*DATA FOR THE TASK:*
****

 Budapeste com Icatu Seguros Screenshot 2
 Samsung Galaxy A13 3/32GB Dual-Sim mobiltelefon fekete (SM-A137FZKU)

****

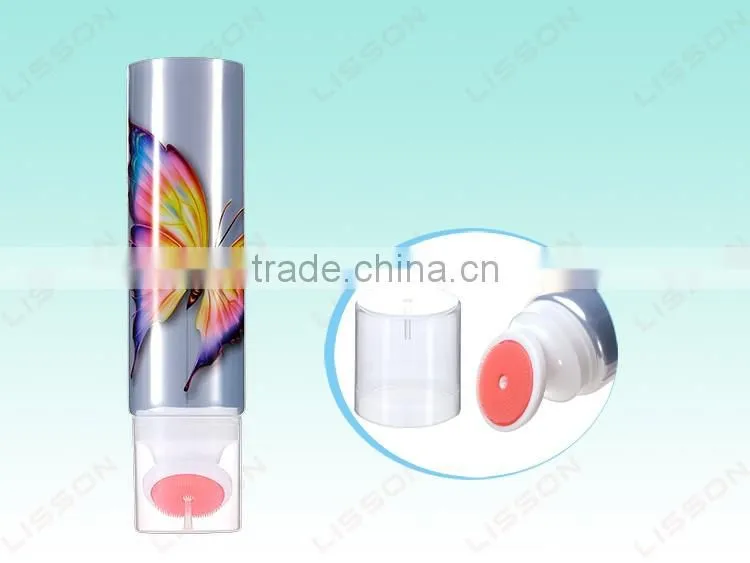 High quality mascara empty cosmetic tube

****

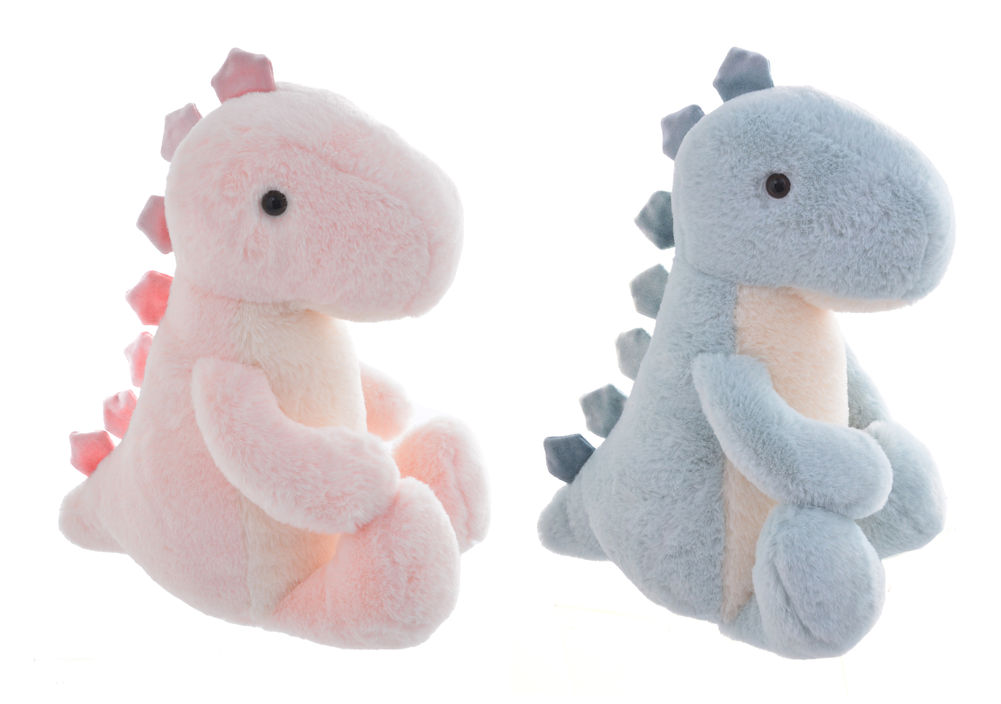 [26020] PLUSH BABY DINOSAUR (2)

****

*PROBLEM STATEMENT:* In the entries above, the lines between the one holding "Budapeste com Icatu Seguros Screenshot 2" and the one holding "Samsung Galaxy A13", inclusive, are to be printed exactly as written, and those alone.

*ANSWER TO THIS EXERCISE:*
 Budapeste com Icatu Seguros Screenshot 2
 Samsung Galaxy A13 3/32GB Dual-Sim mobiltelefon fekete (SM-A137FZKU)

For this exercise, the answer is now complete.